# OpenSSH:  port < base



## Seeker (Sep 18, 2010)

As I can see, port's version is:
openssh-5.2p1

8.1 base's version is:
OpenSSH_5.4p1


One would expect for port, to almost always contain, a newer version then base.


----------



## anomie (Sep 20, 2010)

FYI, as of right now (2010-09-20), freshports shows "no maintainer" for security/openssh-portable.


----------



## Seeker (Sep 20, 2010)

Well, that is pretty important/relevant port, to be unmaintained.


----------



## phoenix (Sep 24, 2010)

Does that mean you are volunteering to take maintainership?


----------



## chrcol (Sep 24, 2010)

I will volunteer if someone dont mind giving me a quick guide on what to do.  As it is a very important port.


----------



## Hinata (Sep 24, 2010)

Isn't the one that is in base enough? (just wondering)


----------



## chrcol (Sep 24, 2010)

I always use the hpn patch supplied with the port, also we in a unusual situation where base is up to date, as the OP said usually base is out of date.


----------



## Seeker (Sep 24, 2010)

phoenix said:
			
		

> Does that mean you are volunteering to take maintainership?
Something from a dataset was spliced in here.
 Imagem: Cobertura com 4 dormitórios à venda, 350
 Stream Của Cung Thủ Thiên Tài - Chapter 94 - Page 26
I'm not up to the task, as I still study FreeBSD.


			
				chrcol said:
			
		

> I always use the hpn patch supplied with the port, also we in a unusual situation where base is up to date, as the OP said usually base is out of date.


Who is OP?


----------



## fadolf (Sep 24, 2010)

The Original Poster, i.e. you.


----------



## chrcol (Oct 3, 2010)

Ok I have tried to have a go at updating the port.

The obvious problems are a few of the patches in the port dont exist for the newest version.  Not sure how this is supposed to be handled, is this a way to temp drop support for the patches but allow them to be enabled again if they get updated?
One patch has been updated but the way to download it is confusing so I havent updated it.
The rest of the port I have updated to the best of my abaility after looking at the porters handbook and am testing now (it includes the hpn patch updated and a couple of others).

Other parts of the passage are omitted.